I have one 48V 280AH 16S LifePo4 battery bank connected to a Victron smarshunt 500A. I am prepared to connect another of the same battery bank. I read that Smartshunt has an

3.4.1 Aux connection for monitoring the voltage of a second battery. The Aux connection can be used to monitor the voltage of a second battery, such as a starter battery.

Will it be able to monitor my second battery bank, or should I just get another smartshunt. I guess I could just monitor one 16S2P as a 560Ah via one shunt ? Would that have a disadvantage?

Tks
You can't give VenusOS two different shunts as the system state of charge, you have to pick one. Is this battery bank part of your main system? Or is it a separate system that you want to just add some additional monitoring to? It sounds like you're expanding your main system (which should force it to run at about the same voltage as the battery bank overall outside of some possible sags/peaks during charge/discharge if they're not being used evenly).

You need to make both batteries connect through your existing shunt, it sounds like to me.

It's not that VenusOS will not watch multiple battery monitors for you, it's just that only one of them will represent your overall system SoC. If you don't have a main system shunt, where are you going to get that?

You can add an additional shunt and watch its numbers if you want to watch the individual banks' amps in/out and individual pack SoC. But putting smartshunts on each battery pack isn't going to add up to a system SoC, at least from what I've seen so far.

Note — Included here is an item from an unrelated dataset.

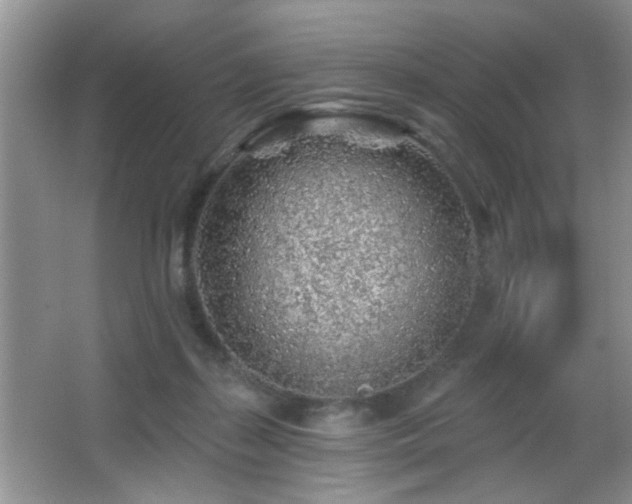 X0000065970267200603031136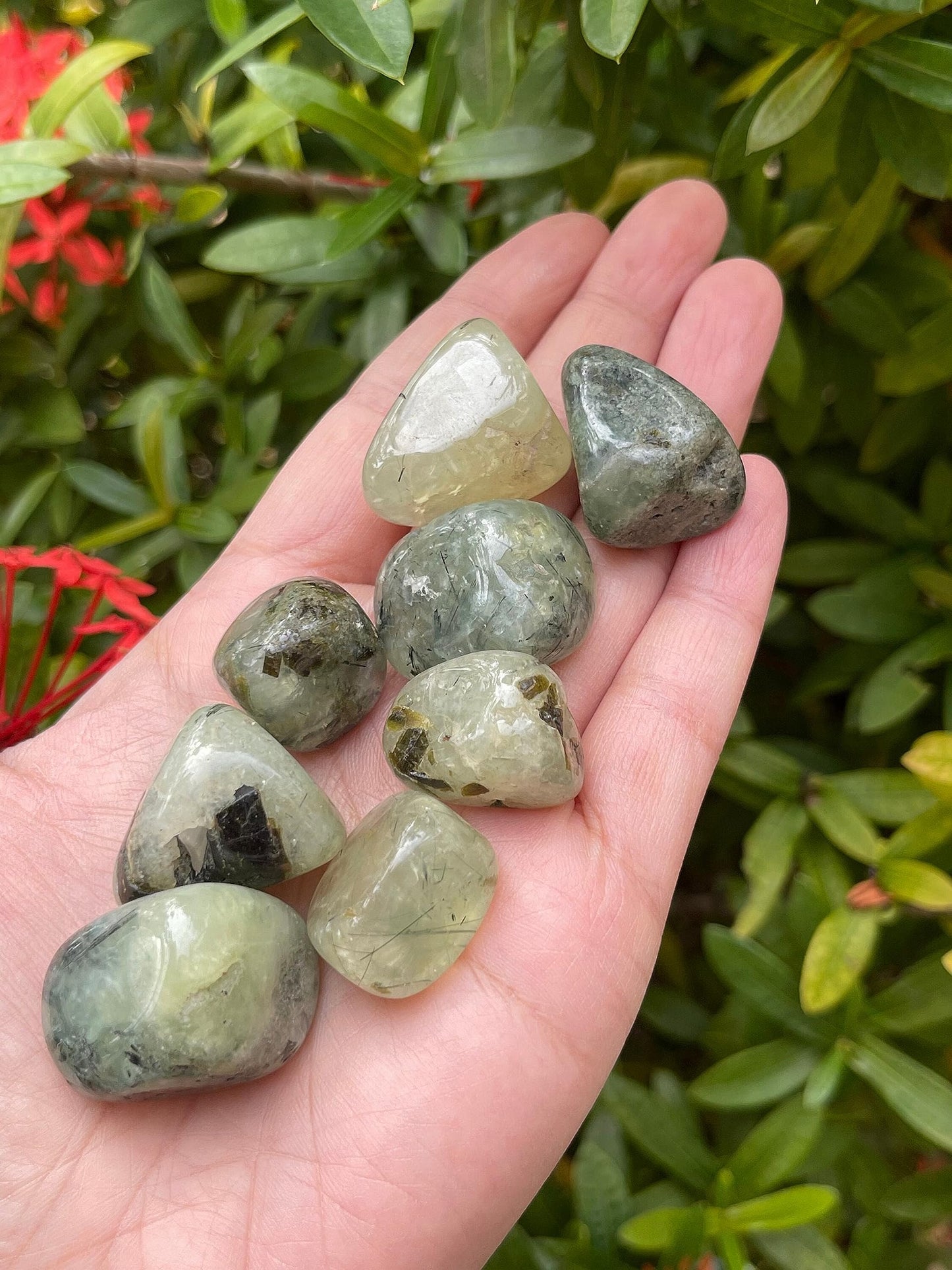 GAF TREASURES 5 Pcs Prehnite with Rutile Tumbled Stones, Polished Natural Prehnite with Rutile Gemstone, Prehnite with Rutile Healing Crystals (Prehnite with Rutile)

You can use the voltage monitoring line to just watch it's individual voltage, but if it's wired together to your other battery bank, that shouldn't theoretically drift far. If it's a separate system and you're using LiFePO4 where voltage is strongly correlated to SoC, the second voltage monitoring feature is awesome, sure.
 
You can't give VenusOS two different shunts as the system state of charge, you have to pick one. Is this battery bank part of your main system? Or is it a separate system that you want to just add some additional monitoring to? It sounds like you're expanding your main system (which should force it to run at about the same voltage as the battery bank overall outside of some possible sags/peaks during charge/discharge if they're not being used evenly).

You need to make both batteries connect through your existing shunt, it sounds like to me.

It's not that VenusOS will not watch multiple battery monitors for you, it's just that only one of them will represent your overall system SoC. If you don't have a main system shunt, where are you going to get that?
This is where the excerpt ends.